**Exercise objective:**
Starting at the line that contains "Pilocar 2% Bottle Of 5ml Eye Drops" and ending at the line that contains "belka bone canid", the lines below are to be given again exactly, with nothing added.

**Exercise materials:**
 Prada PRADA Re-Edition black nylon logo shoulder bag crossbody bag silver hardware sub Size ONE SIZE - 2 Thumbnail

---

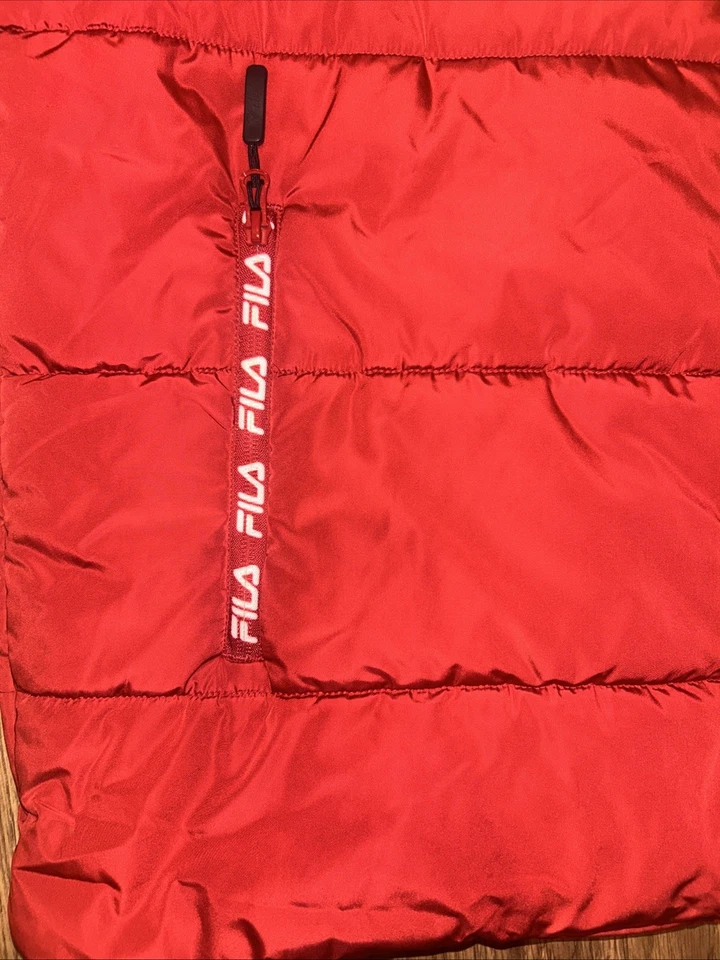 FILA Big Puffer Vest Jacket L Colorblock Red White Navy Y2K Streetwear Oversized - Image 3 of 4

* * *

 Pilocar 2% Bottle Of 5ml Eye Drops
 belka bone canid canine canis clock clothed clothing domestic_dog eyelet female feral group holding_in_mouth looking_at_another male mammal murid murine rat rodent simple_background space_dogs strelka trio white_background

**Exercise answer:**
 Pilocar 2% Bottle Of 5ml Eye Drops
 belka bone canid canine canis clock clothed clothing domestic_dog eyelet female feral group holding_in_mouth looking_at_another male mammal murid murine rat rodent simple_background space_dogs strelka trio white_background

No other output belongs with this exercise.